В сентябре 1954 года мне позвонил Вулф. Он сообщил, что курс по имперскому периоду истории России в весеннем семестре должен был читать Малиа, но он не сможет это сделать, так как решил провести это время в Париже. Не соглашусь ли я заменить его? Конечно же, я согласился с огромным удовольствием. С воодушевлением я бросился готовить лекции, и за два месяца подготовил почти половину курса по истории России с 1801-го по 1917 год. Мои лекции били ключом фактов и идей, накопившихся за последние десять лет. В первый день занятий в четверг 3 февраля 1955 года в одиннадцать часов утра я вошел в аудиторию «Гарвард-холл» номер 201. Аудитория на 140 мест была заполнена битком. У меня закружилась голова. К моему удивлению и радости, первую лекцию и последовавшие за ней аудитория, в которой были слушатели разного уровня-от студентов до аспирантов, встретила с воодушевлением.
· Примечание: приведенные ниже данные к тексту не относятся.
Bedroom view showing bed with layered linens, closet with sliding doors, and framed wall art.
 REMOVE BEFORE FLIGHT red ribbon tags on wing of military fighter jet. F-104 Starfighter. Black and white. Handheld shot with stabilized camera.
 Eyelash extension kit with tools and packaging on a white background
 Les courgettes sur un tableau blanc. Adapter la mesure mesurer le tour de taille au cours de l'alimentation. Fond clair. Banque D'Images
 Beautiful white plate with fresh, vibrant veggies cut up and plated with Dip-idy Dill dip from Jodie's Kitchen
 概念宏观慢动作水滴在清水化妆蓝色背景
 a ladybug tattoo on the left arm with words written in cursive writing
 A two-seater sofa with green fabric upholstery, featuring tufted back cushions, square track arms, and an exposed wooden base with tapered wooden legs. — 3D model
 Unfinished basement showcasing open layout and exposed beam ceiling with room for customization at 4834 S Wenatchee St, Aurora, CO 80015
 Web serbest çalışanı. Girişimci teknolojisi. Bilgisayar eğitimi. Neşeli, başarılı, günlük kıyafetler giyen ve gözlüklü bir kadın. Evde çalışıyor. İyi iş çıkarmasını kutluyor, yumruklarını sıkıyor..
Довольно скоро, однако, стало ясно, что студенты могут внимательно слушать лишь десять, двенадцать минут, поэтому я стал разнообразить лекции всевозможными историями и случаями, лишь бы сюжеты имели хотя какое-нибудь отношение к предмету. Студенты, склонные к веселью, с удовольствием на это реагировали. В последующие сорок лет я читал много разных курсов, но никогда больше не испытывал такого радостного возбуждения, как в ту пору.
В течение того семестра, навещая Карповича, я встретился с Александром Керенским. Я пригласил его выступить перед моими студентами с лекцией о дореволюционном парламенте, Думе, где он был депутатом. Студенты были ошеломлены, увидев его во плоти. Керенский начал говорить медленно и ясно, но затем стал волноваться все больше и больше-до такой степени, что понять его было почти невозможно. Впоследствии мы встречались много раз, и он всегда был очень любезен. Однако бесполезно было обсуждать с ним эпоху революции. Он опубликовал три автобиографии и никогда не отклонялся от того, что там было написано. Во время правления Хрущева Керенский проявлял сочувственный интерес к реформам, потому что прежде всего был русским патриотом и не таил обиды на страну, которая его отвергла. Как-то раз он поведал мне свой секрет долголетия: никакой свежей выпечки, три «мартини» перед обедом и продолжительная прогулка после него. Был и четвертый компонент, возможно, самый важный, который я, к сожалению, забыл.